RECORD SET ->
_ _ _ _

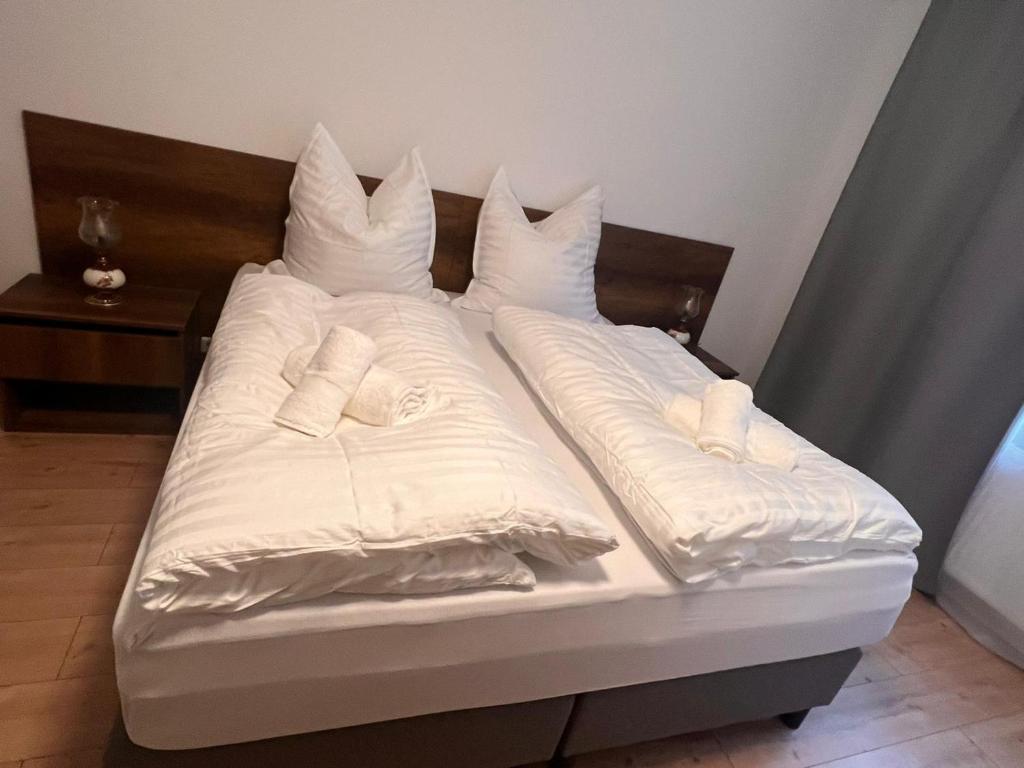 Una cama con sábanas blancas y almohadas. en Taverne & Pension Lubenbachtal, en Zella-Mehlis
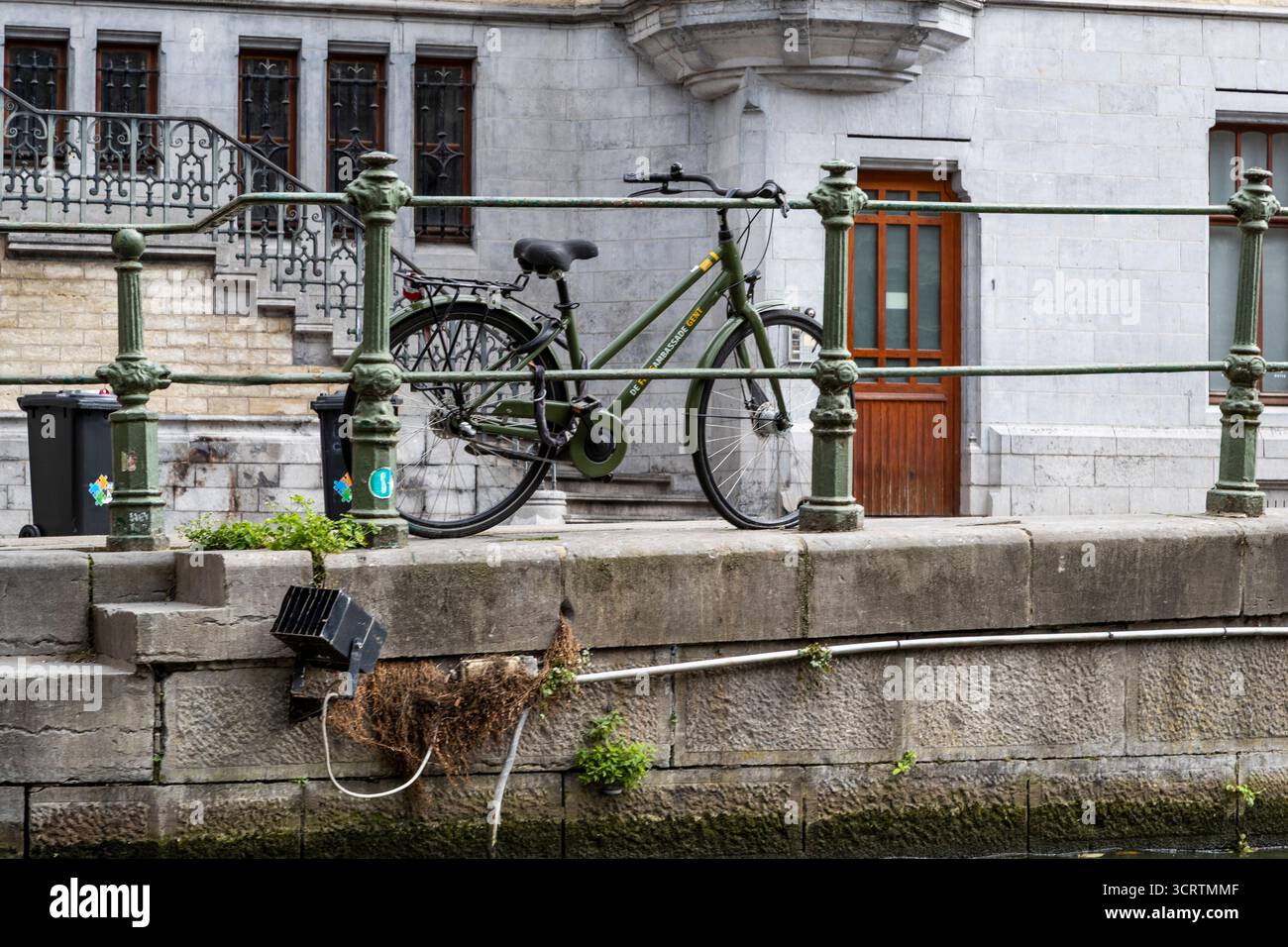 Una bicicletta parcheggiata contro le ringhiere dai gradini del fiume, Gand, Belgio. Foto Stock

_ _ _ _

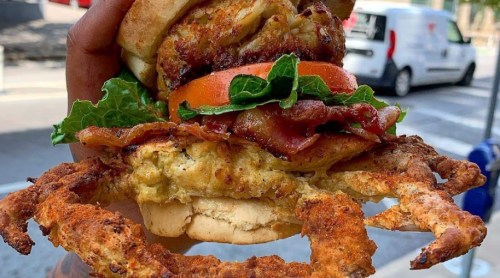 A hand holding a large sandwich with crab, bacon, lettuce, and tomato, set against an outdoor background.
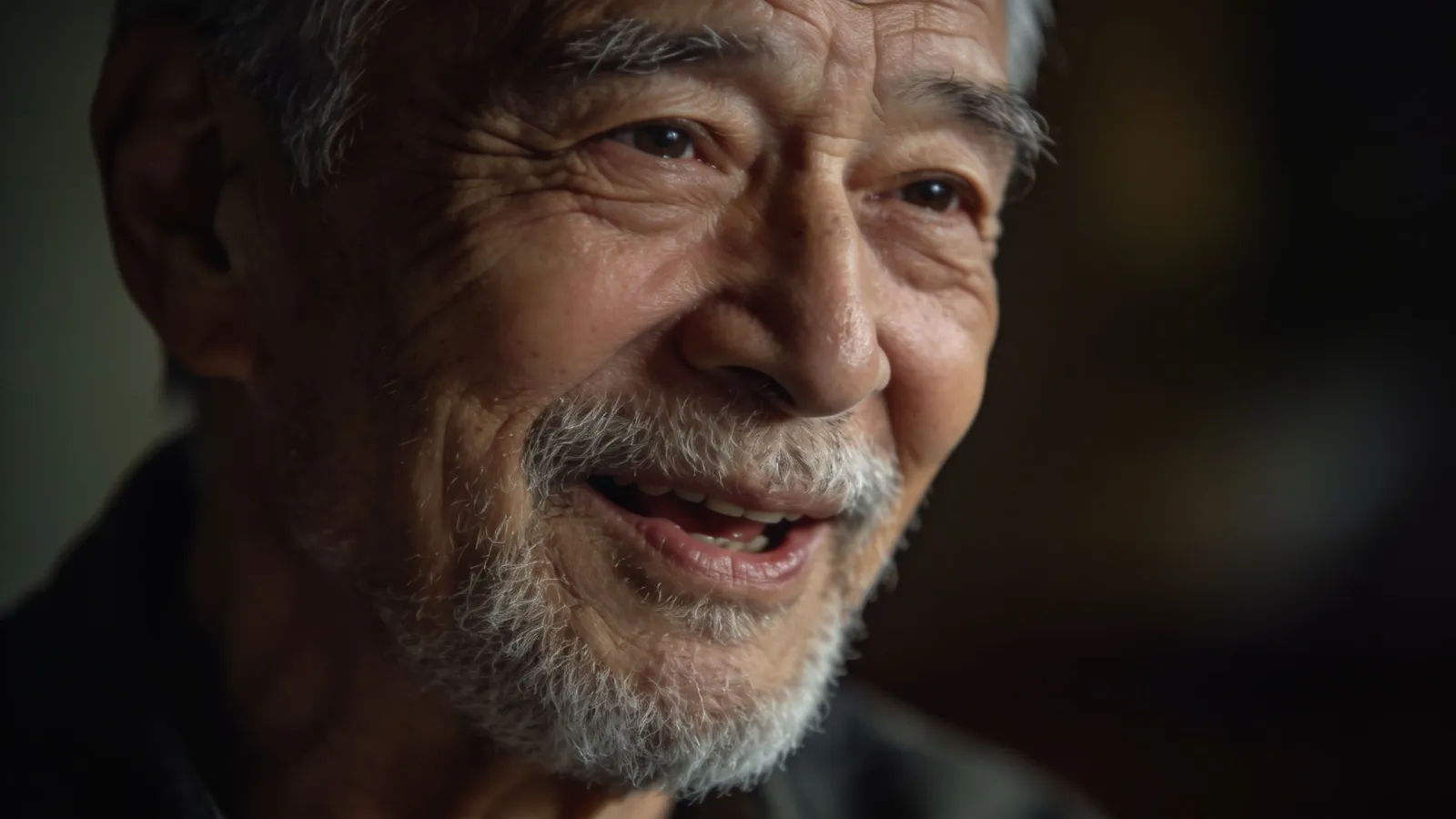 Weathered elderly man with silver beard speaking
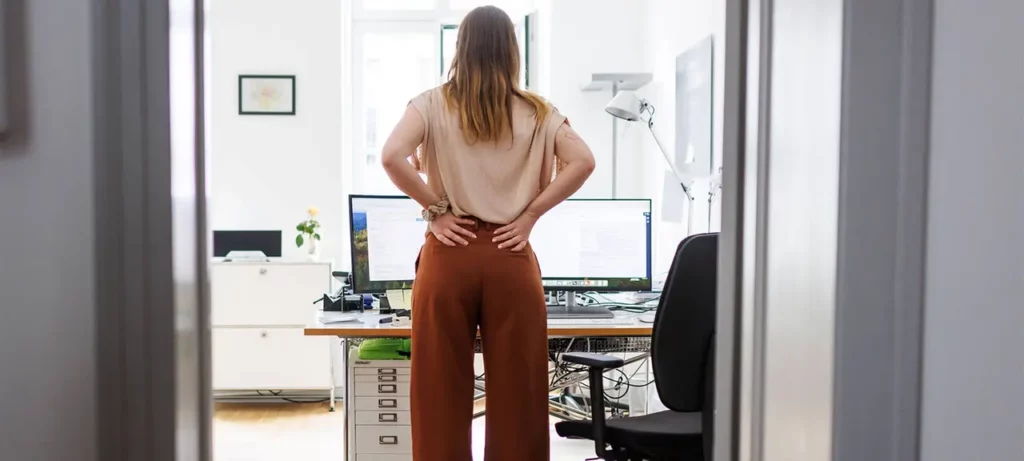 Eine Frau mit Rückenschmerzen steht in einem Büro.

_ _ _ _

WORK REQUEST -> From the records above, copy only the lines running from the line holding "Una cama con" through the line holding "Una bicicletta parcheggiata", with no pictures.

RESULT OF THE TASK ->
 Una cama con sábanas blancas y almohadas. en Taverne & Pension Lubenbachtal, en Zella-Mehlis
 Una bicicletta parcheggiata contro le ringhiere dai gradini del fiume, Gand, Belgio. Foto Stock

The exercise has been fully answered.